Chun-chieh Huang Editor & Author

Chun-chieh Huang completed his PhD at the University of Washington in 1980. He is currently the Distinguished Professor of General Education, Dean of the Institute for Advanced Studies in Humanities and Social Sciences, and Director of the Program of East Asian Confucianisms at National Taiwan University in Taipei, Taiwan. Huang is also a Research Fellow at the Academia Sinica’s Institute of Chinese Literature and Philosophy. He is past president of the Society for Cultural Interaction in East Asia. Huang has been awarded the Wang Fellowship in Chinese Studies (1988), Outstanding Scholar Award (1997-2002), the Hu Shih Chair Professorship (2005-6), the Sun Yatsen Academic Award (2006), the National Taiwan University Award for the best book (2006, 2007, 2010), the National Taiwan University Award for the best article (2008, 2009), and the National Award for Teaching Excellence in General Education by the Taiwan Ministry of Education (2011).

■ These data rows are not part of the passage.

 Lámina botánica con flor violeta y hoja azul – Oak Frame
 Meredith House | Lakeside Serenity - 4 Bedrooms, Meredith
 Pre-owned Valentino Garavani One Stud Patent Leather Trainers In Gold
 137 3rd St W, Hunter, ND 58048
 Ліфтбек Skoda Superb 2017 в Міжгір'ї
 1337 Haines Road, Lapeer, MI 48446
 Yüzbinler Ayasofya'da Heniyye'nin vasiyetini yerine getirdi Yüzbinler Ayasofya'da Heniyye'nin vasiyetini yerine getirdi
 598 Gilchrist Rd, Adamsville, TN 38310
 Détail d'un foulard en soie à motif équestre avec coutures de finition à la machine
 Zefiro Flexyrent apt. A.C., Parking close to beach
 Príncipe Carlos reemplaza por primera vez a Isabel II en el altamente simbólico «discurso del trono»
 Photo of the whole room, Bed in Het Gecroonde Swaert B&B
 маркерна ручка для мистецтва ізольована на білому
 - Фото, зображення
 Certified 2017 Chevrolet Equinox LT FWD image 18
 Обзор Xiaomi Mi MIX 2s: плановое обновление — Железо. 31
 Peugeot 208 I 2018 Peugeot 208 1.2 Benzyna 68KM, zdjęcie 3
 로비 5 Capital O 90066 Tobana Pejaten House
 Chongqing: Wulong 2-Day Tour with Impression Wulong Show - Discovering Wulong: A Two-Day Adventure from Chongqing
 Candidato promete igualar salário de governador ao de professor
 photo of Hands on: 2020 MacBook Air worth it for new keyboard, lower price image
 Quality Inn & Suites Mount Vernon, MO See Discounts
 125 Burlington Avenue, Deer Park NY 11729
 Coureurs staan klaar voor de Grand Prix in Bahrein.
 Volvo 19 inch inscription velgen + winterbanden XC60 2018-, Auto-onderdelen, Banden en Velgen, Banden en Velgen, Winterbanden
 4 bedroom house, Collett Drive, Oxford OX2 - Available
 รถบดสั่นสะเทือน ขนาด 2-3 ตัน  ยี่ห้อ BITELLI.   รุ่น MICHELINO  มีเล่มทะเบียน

John A. Tucker completed his PhD at Columbia University in 1990. After teaching at the University of North Florida in Jacksonville, Florida from 1990-2000, Tucker joined the History Department at East Carolina University in Greenville, North Carolina. He is a full professor of history, director of the Asian Studies Program, and serves as East Carolina’s University historian. He also directs the Thomas Harriot College of Arts and Sciences’ Voyages of Discovery Lecture Series. He has been a visiting researcher at the Institute for Research in the Humanities and Social Sciences at Kyoto University; a visiting researcher at Nanzan University, Nagoya; and a visiting research scholar at National Taiwan University. Tucker’s specialization is in the history of Japanese and East Asian Confucian thought. He is currently working on a study of the Akō vendetta in Japanese intellectual history and another study of the Confucian thought of Shibusawa Eiichi.